[Records from a data collection]
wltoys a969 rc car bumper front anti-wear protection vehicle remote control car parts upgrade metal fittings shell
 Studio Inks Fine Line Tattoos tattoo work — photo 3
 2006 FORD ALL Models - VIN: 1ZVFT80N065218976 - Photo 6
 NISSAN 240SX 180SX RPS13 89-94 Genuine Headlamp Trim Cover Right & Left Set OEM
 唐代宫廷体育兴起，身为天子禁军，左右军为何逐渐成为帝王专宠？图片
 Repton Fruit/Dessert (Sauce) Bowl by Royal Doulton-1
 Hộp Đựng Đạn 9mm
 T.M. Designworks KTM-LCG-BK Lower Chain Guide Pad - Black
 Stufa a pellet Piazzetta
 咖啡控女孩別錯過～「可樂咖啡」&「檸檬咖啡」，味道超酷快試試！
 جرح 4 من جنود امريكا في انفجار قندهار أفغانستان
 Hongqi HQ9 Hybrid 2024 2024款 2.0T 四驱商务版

▶ **TRY IT**
Repeat only the stretch of lines that begins at the line containing "Repton Fruit/Dessert (Sauce)" and ends at the last line above, both included.

▶ **SOLVED EXERCISE**
 Repton Fruit/Dessert (Sauce) Bowl by Royal Doulton-1
 Hộp Đựng Đạn 9mm
 T.M. Designworks KTM-LCG-BK Lower Chain Guide Pad - Black
 Stufa a pellet Piazzetta
 咖啡控女孩別錯過～「可樂咖啡」&「檸檬咖啡」，味道超酷快試試！
 جرح 4 من جنود امريكا في انفجار قندهار أفغانستان
 Hongqi HQ9 Hybrid 2024 2024款 2.0T 四驱商务版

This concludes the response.